The Yavapai Humane Society (YHS) is celebrating its 42nd anniversary, and we hope to further expand our “no-kill” ethic in 2014. Many still ask what no-kill means, while others ask if it is even possible.
I define “no-kill” as applying the same criteria to deciding a shelter animal’s fate that a devoted pet owner or conscientious veterinarian would apply to a beloved pet. That is, healthy and treatable animals are not killed simply because we lack the resources to care for them.
YHS is not a no-kill shelter; however, since the YHS Board of Directors and management team embraced the “no-kill ethic” in July 2010, we achieved a 93 percent decrease in shelter killing. If no-kill were an Olympic event we would no doubt rejoice in our success. However, while achieving no-kill is similar to an Olympic moment, sustaining no-kill is a marathon – and each day presents many life-and-death challenges to continue to hold the line.
YHS is the largest animal rescue organization in northern Arizona. We are increasingly known for our many life-saving programs, which are responsible for making central and western Yavapai County the safest region for pets in the United States.
So effective are our life-saving programs that often the only animals most at risk of euthanasia or delayed care are those with medical issues we are challenged to diagnose because we lack the necessary blood analysis equipment.

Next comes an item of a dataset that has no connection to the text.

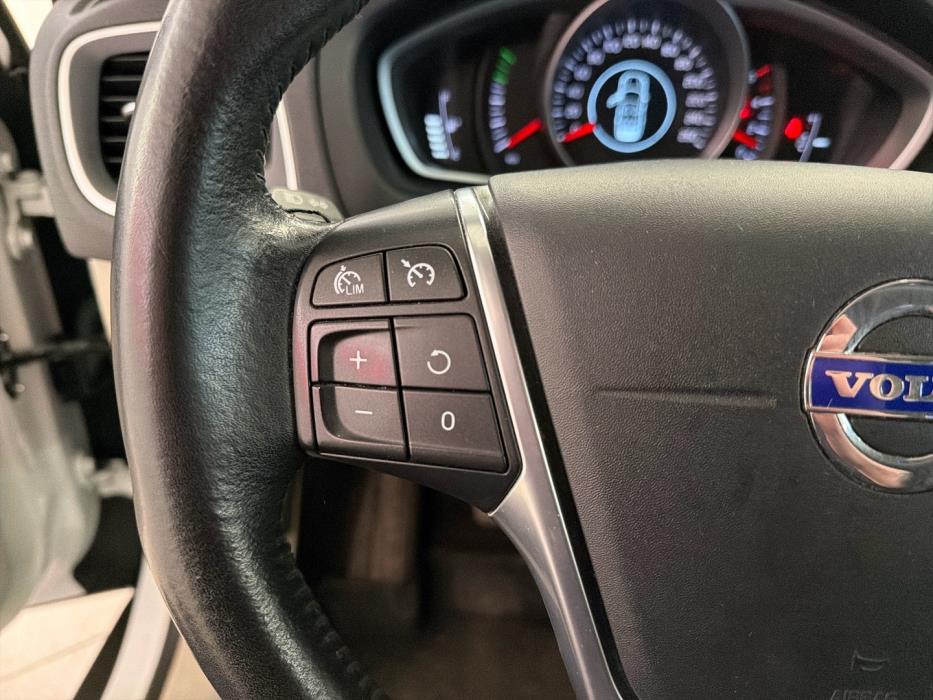 VOLVO V40 Cross Country 2016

Consequently, YHS must rely on local labs to provide these services at considerable cost. Often YHS just can’t afford these lifesaving services, and when we can it requires YHS staff or volunteers to spend precious time transporting samples to the lab and awaiting results. Many times an animal doesn’t have the time it takes to get those results.
Historically, YHS euthanized suffering animals when we were unable to determine the full extent of an illness. If YHS had a blood analysis machine the likelihood of a rescued sick pet’s survival would increase exponentially.
To ensure every ill animal that YHS rescues has a fighting chance at quality life requires this equipment on-site. This vital equipment will allow YHS to treat these critical needs animals efficiently and humanely – and it will save more lives.
In just the first quarter of 2014, YHS submitted 55 samples to local labs for analysis at an average cost of about $65. The cost for this equipment is about $20,000. If YHS had this equipment on site it would pay for itself 18 months.
This is YHS’s 42nd Anniversary. If 42 individuals could find it in their heart to give $475, YHS could secure this equipment this year. What a 42 Anniversary present for our community’s neediest animals!
If you are able to help in this life-saving effort, please mail your donation to the Yavapai Humane Society’s STAR (Special Treatment And Recovery) Program.
If you can’t afford $475, any gift towards this essential need will be greatly appreciated. Any monies above the $20,000 will go to the STAR program which provides critical medical care to sick and injured homeless animals.
Ed Boks is the executive director of the Yavapai Humane Society.